[llvm-dev] RFC: [SmallVector] Adding SVec<T> and Vec<T> convenience wrappers.

Mehdi AMINI via llvm-dev llvm-dev at lists.llvm.org
Mon Nov 16 16:47:48 PST 2020


On Mon, Nov 16, 2020 at 4:10 PM David Blaikie <dblaikie at gmail.com> wrote:

> On Mon, Nov 16, 2020 at 2:44 PM Mehdi AMINI <joker.eph at gmail.com> wrote:
> >
> >
> >
> > On Mon, Nov 16, 2020 at 2:12 PM David Blaikie <dblaikie at gmail.com>
> wrote:
> >>
> >> On Mon, Nov 16, 2020 at 1:55 PM Mehdi AMINI <joker.eph at gmail.com>
> wrote:
> >> > On Mon, Nov 16, 2020 at 12:55 PM David Blaikie <dblaikie at gmail.com>
> wrote:
> >> >>
> >> >> I will say I'm not a huge fan of adding even more names for things in
> >> >> this fairly core/common use case (now we'll have even more vector
> >> >> names to pick from) - can we use default template arguments so we can
> >> >> write SmallVector<T> instead of SmallVector<T, N> and would that
> >> >> address some of the use cases proposed here?
> >> >
> >> >
> >> > I won't claim it is perfect, but the added names are a compromise
> over rounds of reviews with the folks in the revision. In particular I'm
> quite concerned that a default value for N on the SmallVector does not
> carry the intent the same way, and is too easy to miss in review (or while
> reading code).
> >>
> >> I'm not quite following here - what sort of problems do you anticipate
> >> by readers missing the default value for N?
> >
> >
> > Reading code `SmallVector<SomeType>` does not express that it is
> *intentional* to leave of the value for N. It can easily be just forgotten,
> and it could easily be implicitly `0`, and as a reviewer (or code reader
> later) I don't know if this is was intentional or not. This is why I am
> quite opposed to "loosen" the current requirement on SmallVector: a
> different name for a different intent is better fitting to me.
>
> I don't know why it being implicitly zero is noteworthy - anymore than
> it being implicitly 1 or 3, etc.
>
> As for whether it's intentional: I think if we're moving in this
> direction that's proposed, the idea is that by default we don't want
> to be explicit about the N - so in general we won't be. And sometimes
> someone will want to be explicit and add an N, but otherwise the
> reasonable default is not to have an N. I think the intent is clear
> enough - consider other default template parameters like customized
> deleters on a unique_ptr: I don't wonder if someone intended to have a
> customized deleter on every unique_ptr, one assumes that wasn't
> required/intended unless it's added. It seems like the idea is for
> non-explicit N to be a safe/common default, and explicit N to be
> noteworthy/require some justification or scrutiny.
>

I get your point, but I don't share the conclusion here: I don't believe
that universally not specifying the N on non-trivial types is a good
default. It only makes sense to me for small types, hence it is error prone.



>
> >> >  To me the drawbacks are outweighing the benefits too much.
> >> > Also, `SmallVector<LargeType>` would end-up with N==0 implicitly,
> without an easy way to figure it out that there is no actual inline storage
> while reading the code.
> >>
> >> Why would it be necessary to figure that out? If we generally feel the
> >> right default inline storage happens to be zero in that case and that
> >> SmallVector will pick a good default (including possibly 0) that seems
> >> like a good thing to me. (why would we call out zero specially, if we
> >> want to avoid calling out other values explicitly)
> >
> >
> > I think this is an API that is "easy to misuse", I don't see any
> advantage to it while it has drawbacks: why would we do that?
>
> What kind of misuse do you have in mind?

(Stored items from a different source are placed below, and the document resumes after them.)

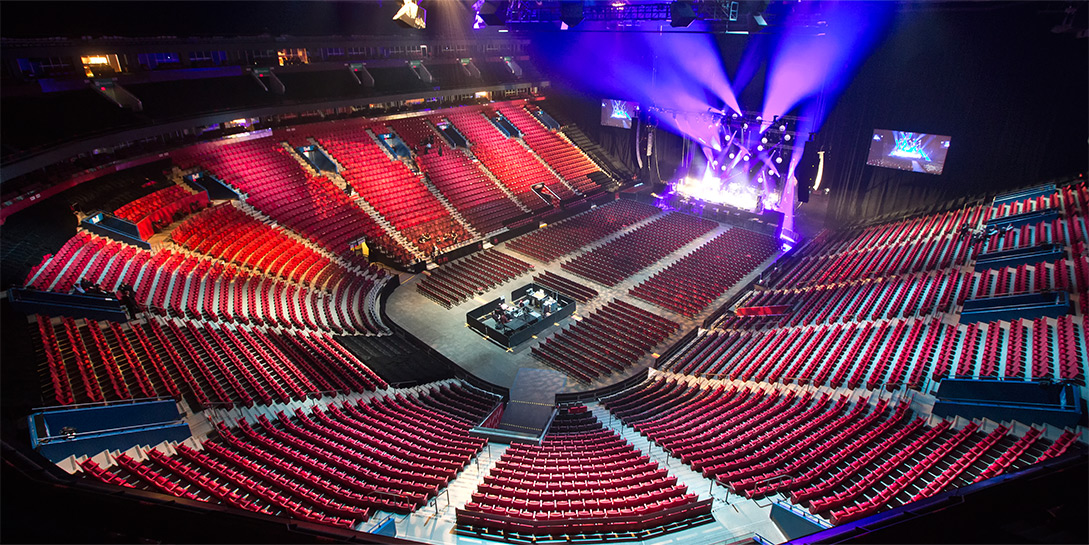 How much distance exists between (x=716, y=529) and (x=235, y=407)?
8.95 meters

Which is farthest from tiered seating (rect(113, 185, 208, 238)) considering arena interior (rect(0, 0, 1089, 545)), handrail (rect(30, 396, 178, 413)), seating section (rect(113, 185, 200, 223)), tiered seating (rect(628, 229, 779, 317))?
tiered seating (rect(628, 229, 779, 317))

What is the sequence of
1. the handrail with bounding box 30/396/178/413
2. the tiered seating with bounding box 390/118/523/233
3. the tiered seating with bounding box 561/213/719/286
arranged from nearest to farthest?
1. the handrail with bounding box 30/396/178/413
2. the tiered seating with bounding box 561/213/719/286
3. the tiered seating with bounding box 390/118/523/233

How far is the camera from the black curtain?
1741 centimetres

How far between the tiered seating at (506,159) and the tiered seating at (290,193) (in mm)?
8734

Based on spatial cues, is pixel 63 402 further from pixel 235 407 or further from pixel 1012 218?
pixel 1012 218

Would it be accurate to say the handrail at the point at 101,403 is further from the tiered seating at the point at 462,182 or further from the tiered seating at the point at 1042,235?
the tiered seating at the point at 1042,235

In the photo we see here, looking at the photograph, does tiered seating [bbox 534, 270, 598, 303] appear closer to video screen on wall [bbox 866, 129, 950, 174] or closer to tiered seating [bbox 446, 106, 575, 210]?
tiered seating [bbox 446, 106, 575, 210]

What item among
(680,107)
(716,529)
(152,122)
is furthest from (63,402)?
(680,107)

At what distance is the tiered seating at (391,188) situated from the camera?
22.3 metres

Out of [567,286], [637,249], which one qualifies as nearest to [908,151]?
[637,249]

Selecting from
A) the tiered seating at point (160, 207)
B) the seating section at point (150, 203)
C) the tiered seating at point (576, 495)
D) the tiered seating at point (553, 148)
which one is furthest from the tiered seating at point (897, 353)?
the tiered seating at point (553, 148)

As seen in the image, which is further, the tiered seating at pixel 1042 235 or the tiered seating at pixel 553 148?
the tiered seating at pixel 553 148

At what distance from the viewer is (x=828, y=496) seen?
25.0 ft

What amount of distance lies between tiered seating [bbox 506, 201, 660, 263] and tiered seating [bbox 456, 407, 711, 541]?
12567mm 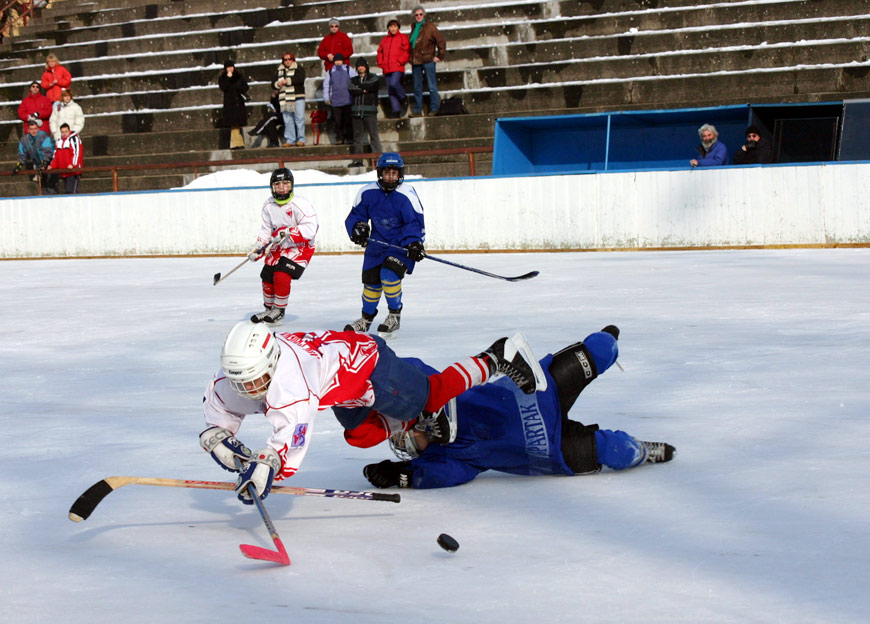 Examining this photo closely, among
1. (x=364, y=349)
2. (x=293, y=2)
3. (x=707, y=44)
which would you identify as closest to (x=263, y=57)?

It does not convey the intent, it is too easy to misuse: i.e. you expect a
small storage but you don't have one. This is enough to me to outweigh the
benefits of the direction and prefer the status quo.



> To me it seems like it would
> be consistent with the idea that we have built rules about what good
> default inline sizes are - and there's no need for us to think about
> it on every use, we just let the default do what it's meant to do.
>
> >> > An alternative was to reserve the default to only "small object" so
> that N isn't zero, but there isn't a platform independent way of doing that
> and keep the code portable I believe. So `SVec<T>` is really saying: "I am
> willing to pay for some limite inline storage if possible but I don't have
> a N in mind".
> >>
> >> That quoted statement still sounds like it could encapsulate the
> >> possibility of 0 too, though. "limited inline storage if possible"
> >> could be "and the answer to that constraint is zero in this case - but
> >> if you happen to make the T smaller, it could become non-zero
> >> organically/without the need to touch this code" (as the N could vary
> >> organically between non-zero values as struct sizes change too)
> >
> > Yes the quoted statement says exactly that!
>
> Sorry, it seems we're jumbling up the two issues: Whether the type
> name should be different when asking for implicit default inline
> storage length and, separately, whether explicit zero length storage
> should use a different name. The discussion above, I thought, was
> about the latter, not the former - but your response seeems to be
> about the former rather than the latter.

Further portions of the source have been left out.